▶ **Exercise requirements**
Output, exactly and with no pictures, the line that contains "Ted Williams Signed" and every line that comes after it in the data below, the last one included.

Stored dataset items:
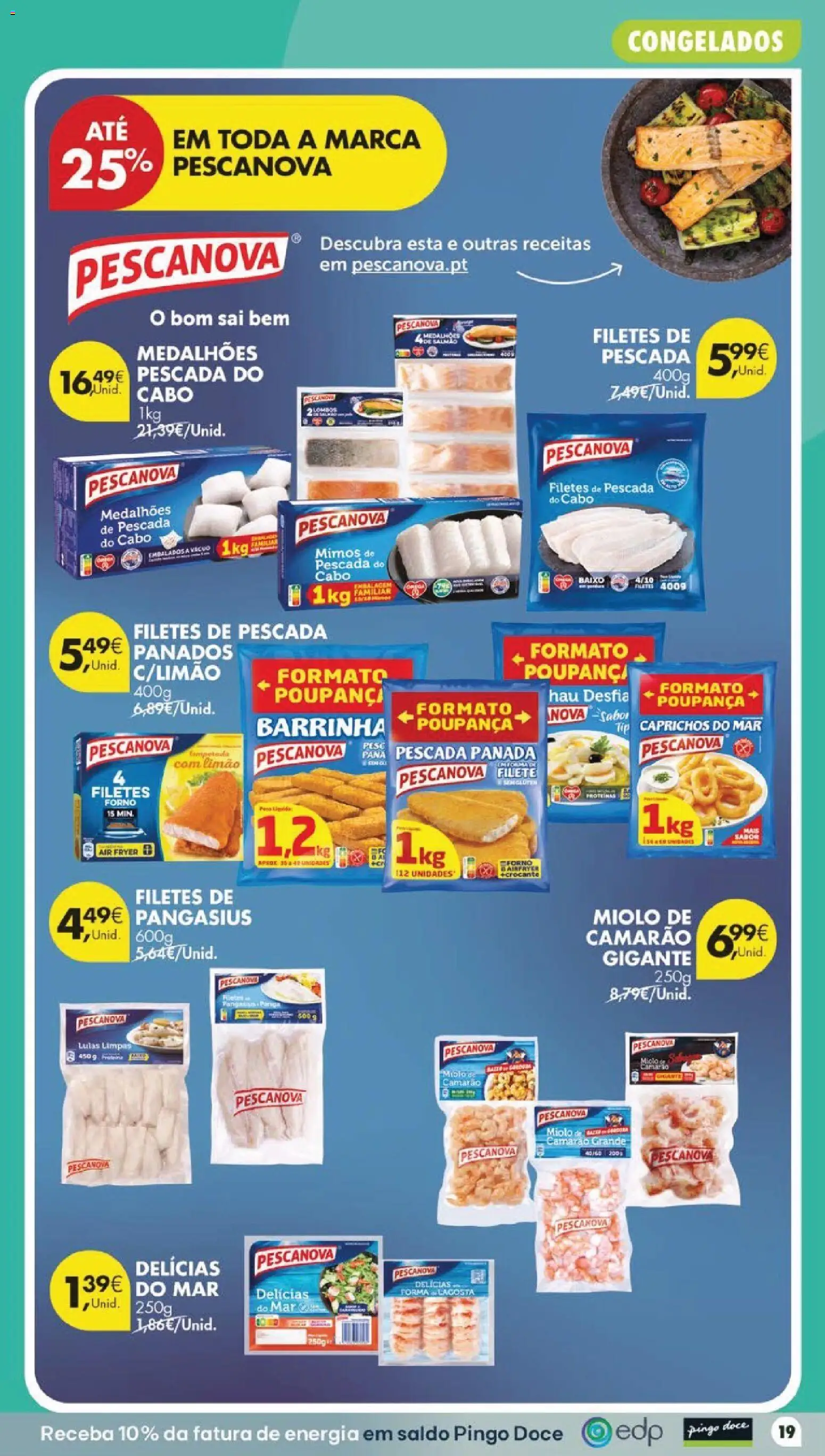 Pingo Doce Poupe Esta Semana Lojas Grandes │ válido de 22/09/2026 | Página: 19 | Produtos: Forno, Lulas, Camarão, Proteina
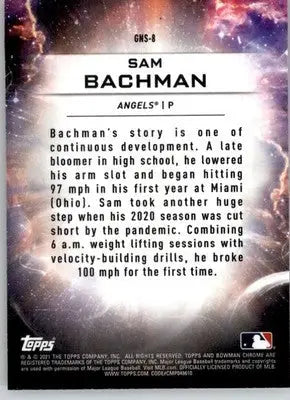 Sam Bachman - 2021 Bowman Draft - #GNS-8 - Genesis Baseball - Baseball Card Single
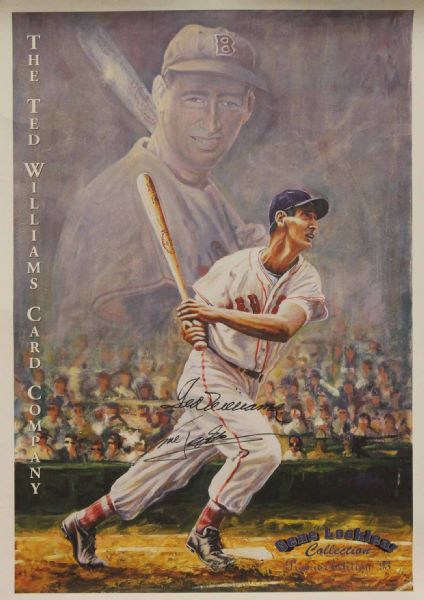 Ted Williams Signed 21" x 30" Gene Locklear Lithograph (JSA)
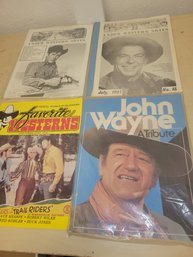 Lot Of 4 Western Magazines - Gene Autry, John Wayne And Others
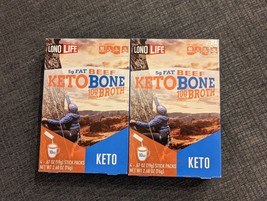 Lono Life Keto Beef Bone Broth-4 Stick Pks - 2 Boxes  10 G Protein Beef Collagen - £9.33 GBP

▶ **Written solution**
 Ted Williams Signed 21" x 30" Gene Locklear Lithograph (JSA)
 Lot Of 4 Western Magazines - Gene Autry, John Wayne And Others
 Lono Life Keto Beef Bone Broth-4 Stick Pks - 2 Boxes  10 G Protein Beef Collagen - £9.33 GBP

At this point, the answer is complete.